Foto publicada en El Pais
(…)
Hablamos
de emigrantes
Hablamos de hombres, mujeres y niños erradicados de su tierra, y
no por una vocación divina como Abraham (Gn 12,1), sino por el hambre como
Elimélec (Rut 1, 1-2), o por la violencia de los poderosos como los deportados,
exiliados y esclavizados de todos los tiempos. Hablamos de hombres, mujeres y
niños echados de sus hogares, apartados de su cultura, desplazados de su
mundo, designados como irregulares, clandestinos e ilegales, señalados como
una amenaza, controlados como una enfermedad, castigados como delincuentes.
Quienes
inventaron alambradas con cuchillas para muros carcelarios y campos de
concentración, las han extendido a las fronteras para hacerlas impermeables.

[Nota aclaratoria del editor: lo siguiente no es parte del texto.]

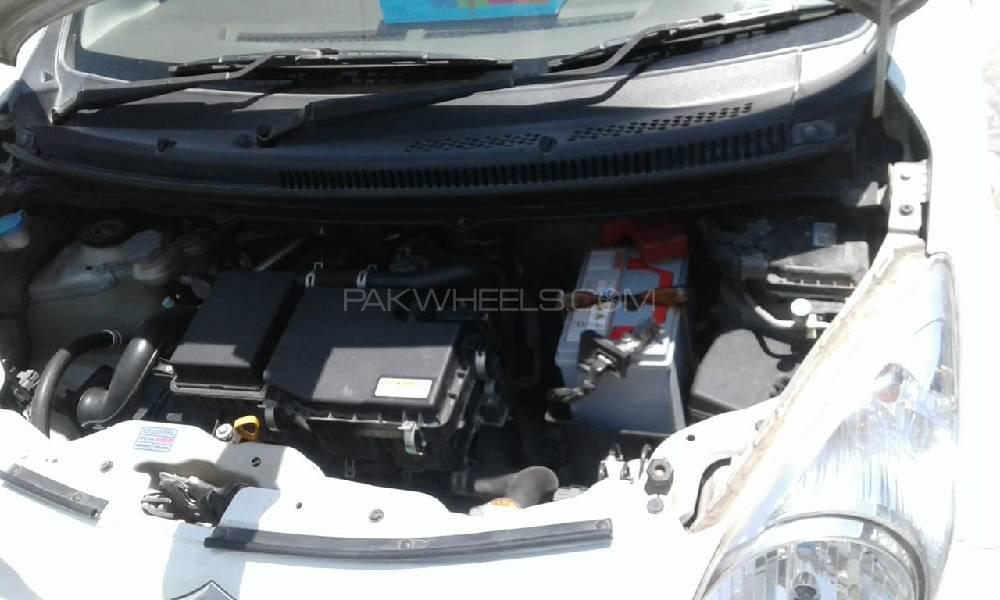 Suzuki Alto 2014 for Sale in Abbottabad Suzuki Alto 2014 for Sale in Abbottabad Image-8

Nadie aceptaría que lo fuesen para los pobres, de ahí que vayamos diciendo que
las queremos impermeables para los problemas, las enfermedades, el miedo aunque
todos sepamos que sólo lo serán para los predilectos de Dios. Las queremos
cerradas alrededor de nuestra abundancia, y las dotamos de vallas, de fosos,
de detectores de movimiento, de calor, de vida, para que no nos inquiete el
clamor de los que viven en la miseria.
En el límite de ese mundo de privilegiados, con arrogancia y
prepotencia de dueños, hemos puesto el cartel de “Prohibido el paso”.
Ignorados e invisibles, Lázaro y sus llagas, el emigrante y sus sufrimientos,
han de quedar fuera de la sala de nuestro banquete.

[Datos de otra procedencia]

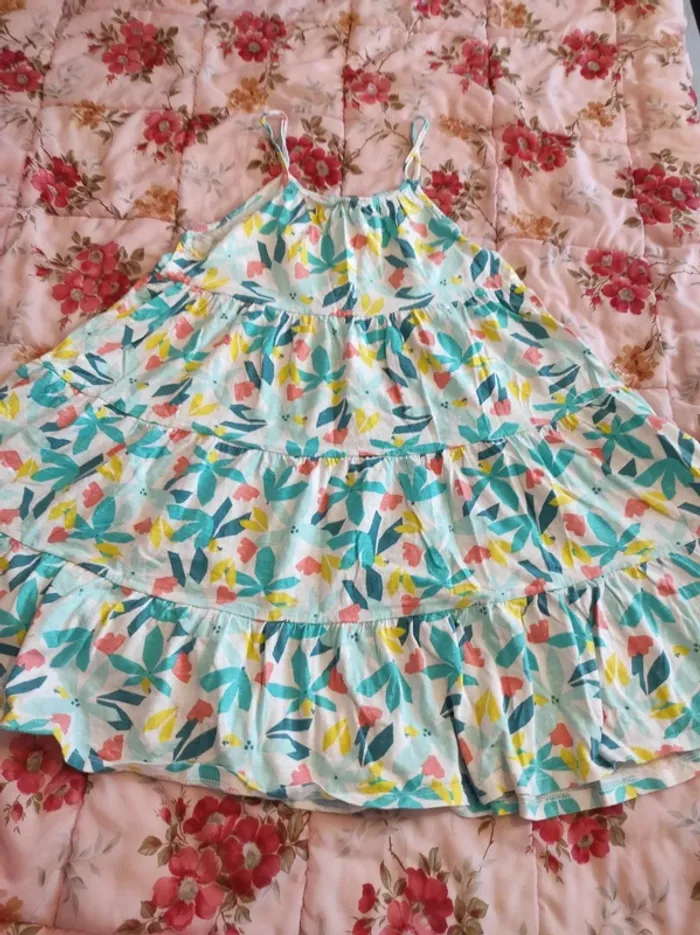 Robe Okaïdi - 12 ans / 152cm - photo numéro 4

Es una paradoja: En las fronteras se vive un drama que una y otra
vez desemboca en tragedia, pero todo se consuma ante la indiferencia de la
sociedad, sin que se altere la rutina de nuestro día a día. Esa indiferencia
permanente, esa inmunidad a la conmoción interior, sólo es posible si no se ve
lo que sucede, o si se justifica lo que se ve. De ahí la necesidad de romper el
silencio, de hacer luz sobre la escena, de poner delante de los ojos el dolor
de los pequeños de la tierra, de denunciar violencias, injusticias y políticas,
no sólo por amor de quienes sufren y mueren a la puerta de nuestra casa, sino
también por amor a los ciegos que, dentro de ella, no nos percatamos de que,
queriendo guardar la propia vida, la estamos perdiendo.
Si no vemos, si
no oímos, si no somos conscientes de nuestra responsabilidad en lo que sucede,
no daremos una oportunidad a la justicia, no habrá lugar en nosotros para la
compasión, no será posible la hospitalidad.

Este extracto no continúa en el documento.